Der Veröffentlichung des Übergriffs gingen mehrere weitere Videos voraus und ein weiteres folgte bislang im Nachgang, sodass eine gewisse Dramaturgie erkennbar ist. Gleichzeitig wechseln sich diese Aufnahmen auf den einschlägigen Social media-Kanälen mit solchen von Kundgebungen in britischen Städten mit Tenconi als Frontmann ab. Dies lässt vermuten, dass Tenconi in Nordfrankreich Videos auf Vorrat produziert hat, das er nun in die Kampagne für Massendeportationen einflicht.
Das erste dieser zusätzlichen Videos erschien am 24. September. Es zeigt Tenconi vor einem Graffiti „BORDES KILL“, das er als Inbegriff all dessen brandmarkt, wogegen er seine Follower mobilisiert. Dazu schreibt er: „In Calais hunting for illegal invaders trying to cross into Britain.“ Der in Gravelines verübte Vigilantismus, also das Ausüben von Selbstjustiz anstelle der angeblich unwilligen oder unfähigen Staatsgewalt, war also angekündigt.
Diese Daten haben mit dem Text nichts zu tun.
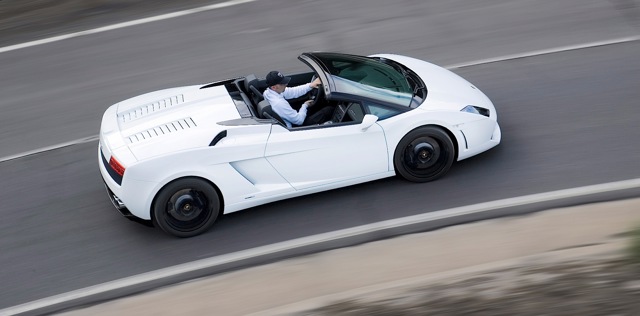 Lamborghini Gallardo Spyder Foto 17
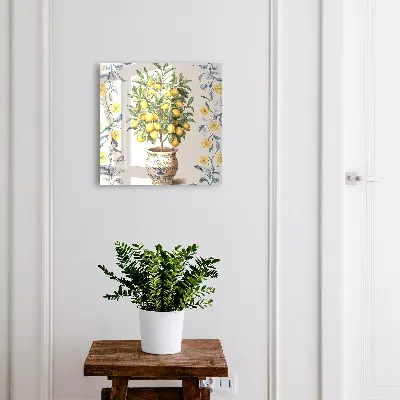 Key box for wall Lemon tree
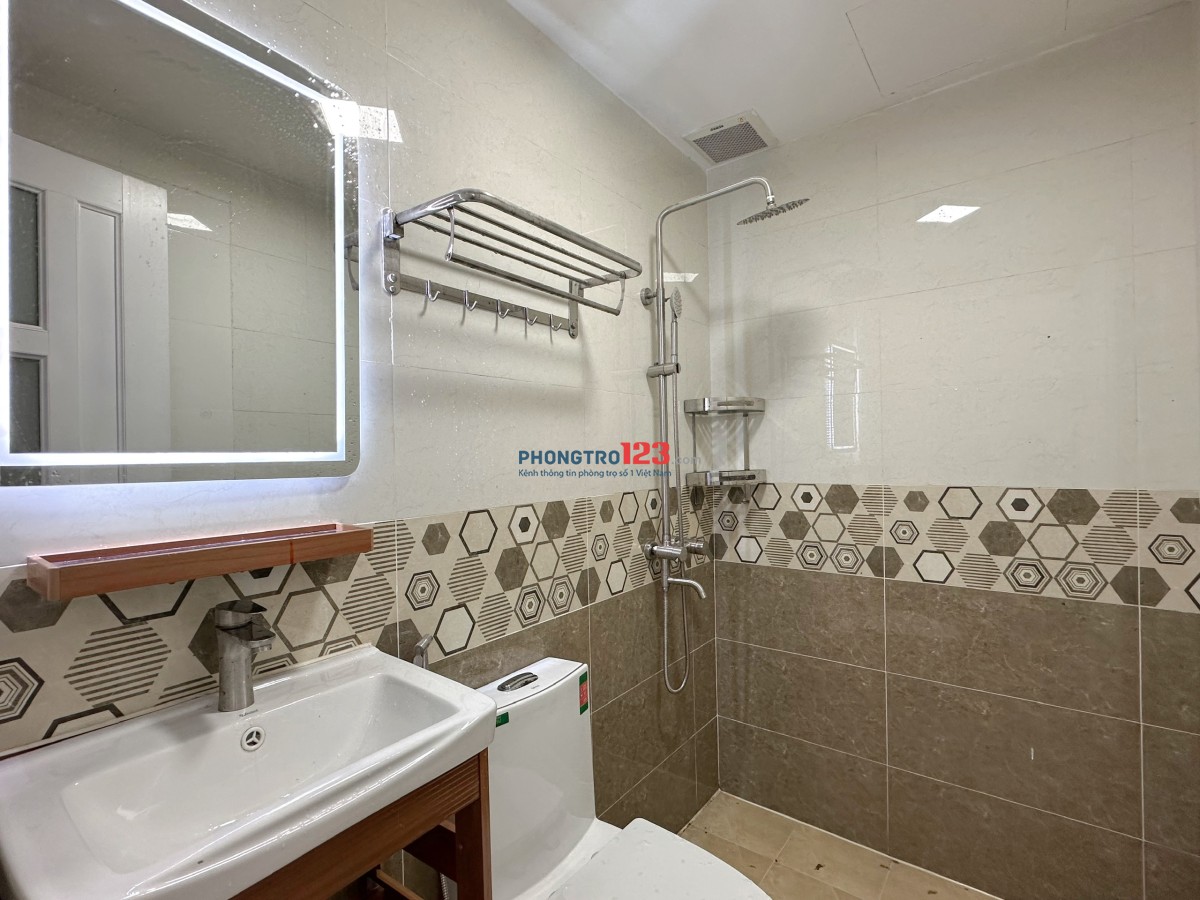 CĂN HỘ BAN CÔNG TÁCH BẾP HOÀNG TRỌNG MẬU, QUẬN 7 - FULL NỘI THẤT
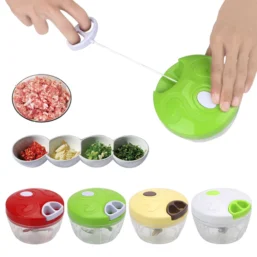 Kitchen Tool Mincer Slicer Shredder Garlic Onion Slicer Cutter Manual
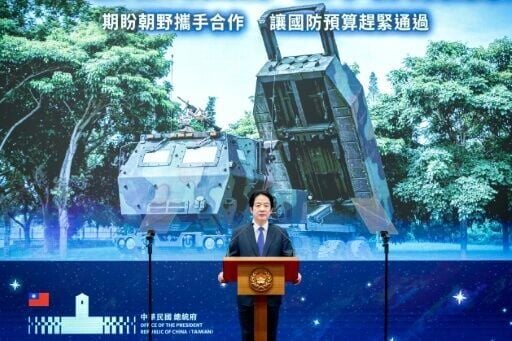 Taiwanese President Lai Ching-te's ambitious $40 billion defence spending plan is caught in a political deadlock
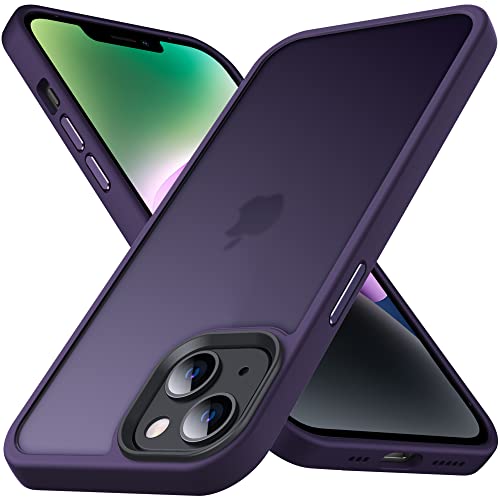 Anqrp Designed for iPhone 14 a... iPhone 14/13 6.1",Deep Purple - down 6.04% (£0.41) to £6.38 from £6.79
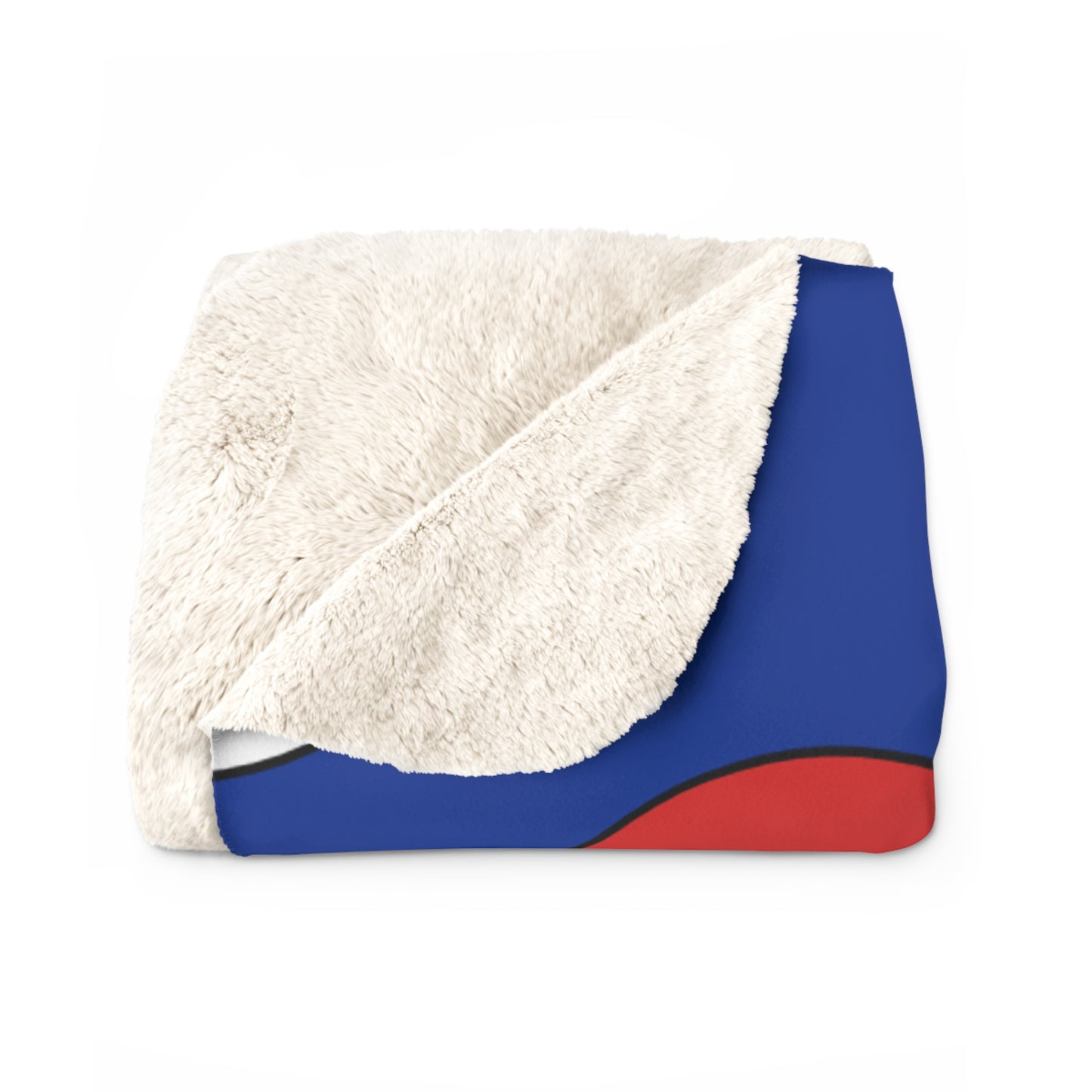 Iceland Retro Polka Dots Blanket Throw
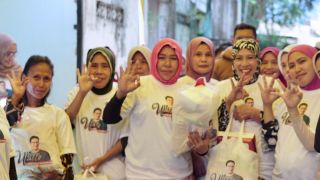 UKM Sahabat Sandi Makassar Gelar Bazar Sembako Murah & Bagikan Ribuan Makanan Cepat Saji - JPNN.com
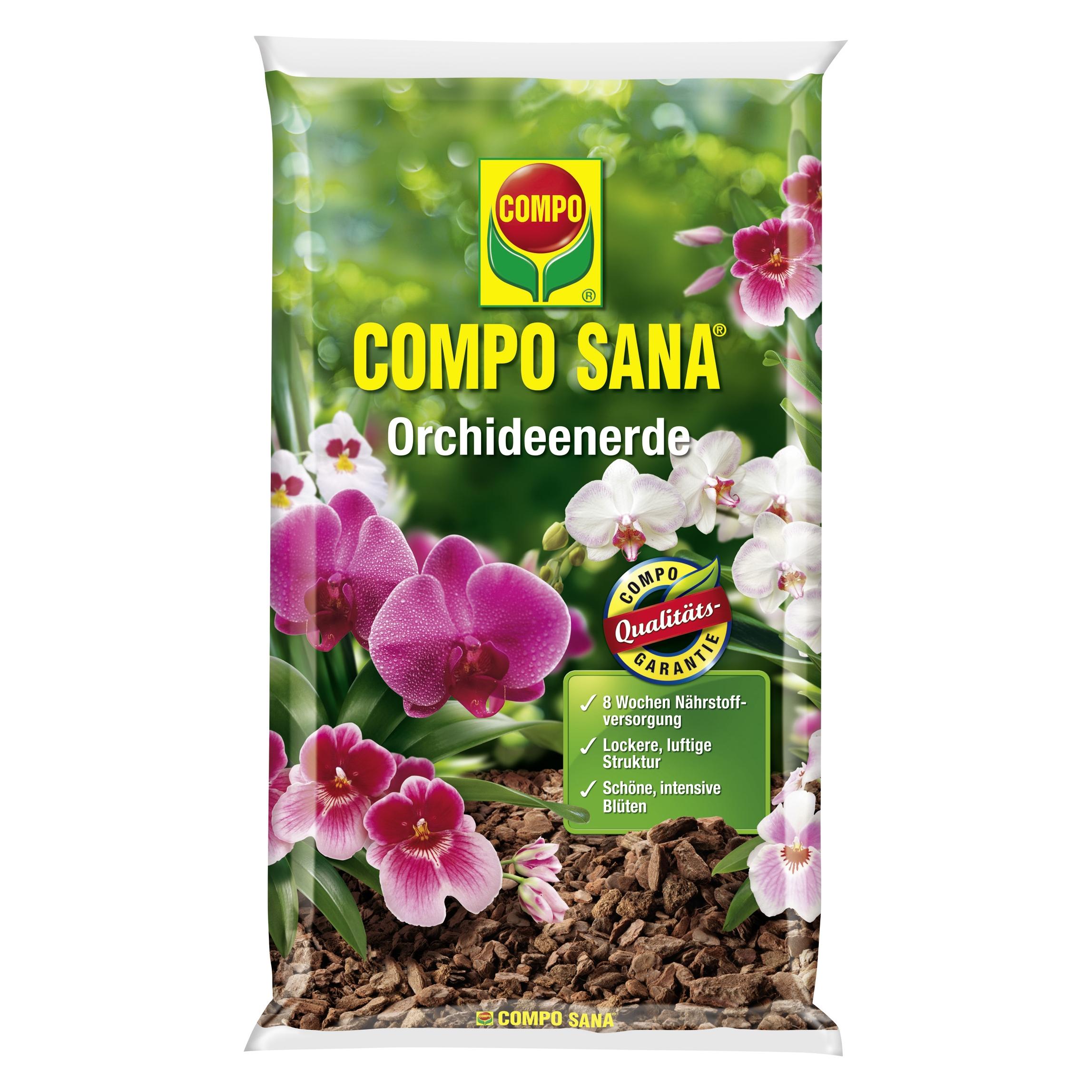 Compo Orchideenerde Sana 5 L (5 l) (1161112004)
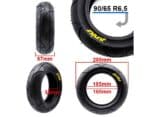 Cubierta tubeless radial soft JUNIOR 90/65-6,5 [PMT] 5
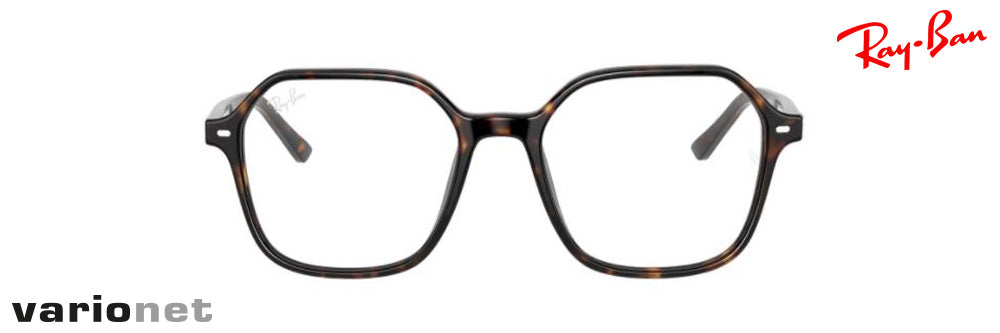 Lunettes de vue Ray-Ban RX5394 Ecaille - vue de face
Am 25. und 26. September folgten drei weitere Videos, die eine Mitwirkung der französischen Polizei an Schleusungen unterstellen. Das in allen drei Videos sichtbares Kennzeichen eines Zivilfahrzeugs der französischen Polizei ermöglicht es, sie derselben Situation zuzuordnen. Im Mittelpunkt steht ein Beamter der französischen Nationalpolizei beim Eskortieren einer Gruppe Geflüchteter in Calais. Tenconi spricht den Beamten an, ohne seine Identität und Intention offenzulegen, und verwickelt ihn in ein Gespräch. Vehement, aber vergeblich versucht er, den Zielort der Geflüchteten zu erfahren; später lenkt er das Thema erfolglos auf lokale NGOs. Er wirft dem Beamten vor, die angeblich illegalen Menschen nicht festzunehmen, doch dieser erklärt, sie seien frei und es gäbe keine Grundlage für ihre Inhaftierung. Sichtlich genervt, wendet sich der Polizist schließlich ab und fährt davon. Tenconi textet dazu: „The French police run away after I question why they are escorting, not arresting, illegal migrants. They know what they are doing is wrong – look how ashamed this officer is!“
Zu einem der beiden anderen Videos derselben Situation schrieb er: „The French police are complicit in trafficking illegal migrants into Britain.“ Dieselbe Falschbehauptung wiederholte er in einem Tweet vom 3. Oktober, der sich auf eine andere Situation bezieht: „Why are we paying them [gemeint ist die französische Polizei] when they are helping the traffickers?“ Zu sehen ist, wie französische Polizisten Geflüchtete wegschicken, die sich vor einem Wohnhaus befinden.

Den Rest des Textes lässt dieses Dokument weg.